Community in the Northern Territory, Australia

Kaltukatjara, also known as Docker River, is a remote Indigenous Australian community in the Northern Territory of Australia. It is southwest of Alice Springs, west of the Stuart Highway, near the Western Australia and Northern Territory border. The township is on a wadi called the Docker Creek on the north side of the west end of the Petermann Ranges in the southwest corner of the Northern Territory of Australia.

At the 2006 census, Kaltukatjara had a population of 355.

==History==

A permanent settlement at "Docker River" was established in 1968 to relieve pressure on the Warburton settlement and provide an opportunity for Aboriginal people to live closer to their homelands.

PY Media states that Kaltukatjara acquired its European name "Docker River" from explorer Ernest Giles, as well as other history, as follows:

The site that is now Kaltukatjara was originally named Docker River by Ernest Giles during his expedition of 1872.

Pastors Duguid and Strehlow surveyed the area in the 1930s with a view to establishing a settlement for the people in the area. It was decided not to proceed with this at that time. During the 30s and 40s Luther(a)n missionaries told the Pitjantjatjara people of the Kaltukatjara area to go to Areyonga (then an outstation of Hermannsburg mission) where they would be supplied with food and clothing. Although many Anangu moved in of their own free will, some stayed in the Petermanns.
In the 1960s Areyonga Anangu strongly desired to move back to the area around Docker River and with government assistance a permanent settlement was established there in 1967-8. Over 300 Anangu moved to establish the new settlement.
By the proclamation of the Aboriginal Lands Rights (N.T.) Act, 1976, Anangu in the region gained freehold title to these traditional lands an area of 44,970 square kilometres.

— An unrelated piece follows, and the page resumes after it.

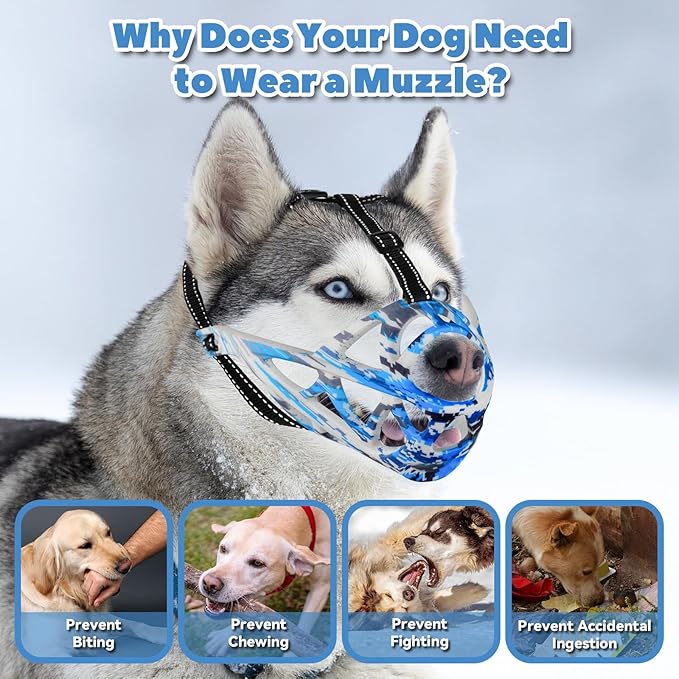 Dog Muzzle for Large Dogs, Medium and X-Large Aggressive Dog, Breathable Basket Muzzles, Suitable for Grooming Trimming Training, Allows Panting Drinking (Camouflage Blue, M)-Mewly Pet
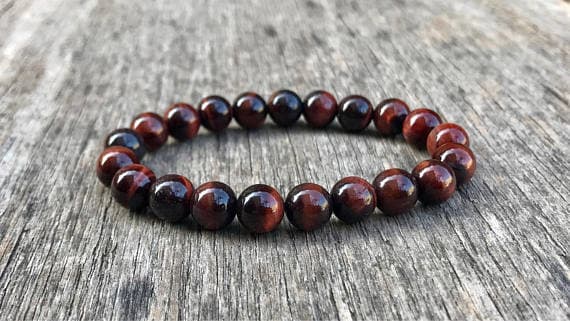 Natural 8mm Stretchable Multi Tiger's Eye Bracelet Round, Smooth 7" for mens, womens, gf, bf & Adult.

The settlement was funded as an outstation during the 1980s.

In 2009, feral camels had become a major problem for local residents. Around 6,000 animals entered the town searching for water. Preparations for an emergency cull of using a sharpshooter were underway.

==Geography==
Kaltukatjara lies on the Tjukaruru Road which becomes the Great Central Road when it crosses into Western Australia 7 kilometres to the west.

==Climate==
Based upon the climate records of the nearest weather station at Giles across the border to the west in Western Australia, Kaltukatjara experiences summer maximum temperatures of an average of 37.2 degrees Celsius in January and a winter maximum average temperature of 19.9 degrees Celsius in July. Overnight lows range from a mean minimum temperature of 23.5 degrees in January to 6.8 degrees in June.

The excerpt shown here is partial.